**TASK REQUIREMENTS**
Lines from the beginning of the entries up to and including the one with "Again, about eight" must be duplicated word for word; leave out all others.

[Source data]

[Start of Attachment]

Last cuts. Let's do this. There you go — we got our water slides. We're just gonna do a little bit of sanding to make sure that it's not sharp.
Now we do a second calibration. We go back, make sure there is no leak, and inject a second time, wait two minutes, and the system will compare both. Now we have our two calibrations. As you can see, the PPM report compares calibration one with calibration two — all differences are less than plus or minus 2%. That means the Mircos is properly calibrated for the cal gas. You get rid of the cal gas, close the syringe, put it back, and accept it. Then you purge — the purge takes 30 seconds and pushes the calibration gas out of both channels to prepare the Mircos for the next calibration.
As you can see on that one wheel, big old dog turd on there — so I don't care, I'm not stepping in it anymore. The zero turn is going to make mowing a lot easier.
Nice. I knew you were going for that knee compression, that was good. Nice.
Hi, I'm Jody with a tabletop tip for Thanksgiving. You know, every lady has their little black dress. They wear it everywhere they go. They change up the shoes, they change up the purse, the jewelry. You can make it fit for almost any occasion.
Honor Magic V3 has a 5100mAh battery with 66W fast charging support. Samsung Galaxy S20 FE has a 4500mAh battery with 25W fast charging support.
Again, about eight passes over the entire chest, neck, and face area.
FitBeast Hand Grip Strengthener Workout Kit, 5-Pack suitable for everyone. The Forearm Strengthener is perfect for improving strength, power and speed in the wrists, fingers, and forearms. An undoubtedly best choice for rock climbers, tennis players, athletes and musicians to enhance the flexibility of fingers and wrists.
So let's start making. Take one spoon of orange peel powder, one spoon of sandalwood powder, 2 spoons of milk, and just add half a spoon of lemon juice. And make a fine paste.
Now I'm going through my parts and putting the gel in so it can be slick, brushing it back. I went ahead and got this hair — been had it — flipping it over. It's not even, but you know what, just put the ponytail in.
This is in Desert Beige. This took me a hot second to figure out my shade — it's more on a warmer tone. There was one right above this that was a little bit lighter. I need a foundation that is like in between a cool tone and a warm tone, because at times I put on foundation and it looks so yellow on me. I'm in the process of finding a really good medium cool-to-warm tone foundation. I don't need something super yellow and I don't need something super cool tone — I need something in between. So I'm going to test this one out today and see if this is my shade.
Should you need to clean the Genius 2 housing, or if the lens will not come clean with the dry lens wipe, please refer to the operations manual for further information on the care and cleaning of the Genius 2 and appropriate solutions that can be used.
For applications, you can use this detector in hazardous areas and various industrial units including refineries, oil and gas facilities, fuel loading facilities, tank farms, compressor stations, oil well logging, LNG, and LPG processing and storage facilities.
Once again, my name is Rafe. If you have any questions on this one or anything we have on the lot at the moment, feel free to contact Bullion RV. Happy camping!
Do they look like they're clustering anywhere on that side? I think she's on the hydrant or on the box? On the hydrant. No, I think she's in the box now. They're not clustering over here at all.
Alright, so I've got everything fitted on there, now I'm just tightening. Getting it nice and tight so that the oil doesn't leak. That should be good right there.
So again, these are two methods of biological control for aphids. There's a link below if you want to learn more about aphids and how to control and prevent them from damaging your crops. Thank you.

[End of Attachment]

**SOLUTION FOR THIS PROBLEM**
Last cuts. Let's do this. There you go — we got our water slides. We're just gonna do a little bit of sanding to make sure that it's not sharp.
Now we do a second calibration. We go back, make sure there is no leak, and inject a second time, wait two minutes, and the system will compare both. Now we have our two calibrations. As you can see, the PPM report compares calibration one with calibration two — all differences are less than plus or minus 2%. That means the Mircos is properly calibrated for the cal gas. You get rid of the cal gas, close the syringe, put it back, and accept it. Then you purge — the purge takes 30 seconds and pushes the calibration gas out of both channels to prepare the Mircos for the next calibration.
As you can see on that one wheel, big old dog turd on there — so I don't care, I'm not stepping in it anymore. The zero turn is going to make mowing a lot easier.
Nice. I knew you were going for that knee compression, that was good. Nice.
Hi, I'm Jody with a tabletop tip for Thanksgiving. You know, every lady has their little black dress. They wear it everywhere they go. They change up the shoes, they change up the purse, the jewelry. You can make it fit for almost any occasion.
Honor Magic V3 has a 5100mAh battery with 66W fast charging support. Samsung Galaxy S20 FE has a 4500mAh battery with 25W fast charging support.
Again, about eight passes over the entire chest, neck, and face area.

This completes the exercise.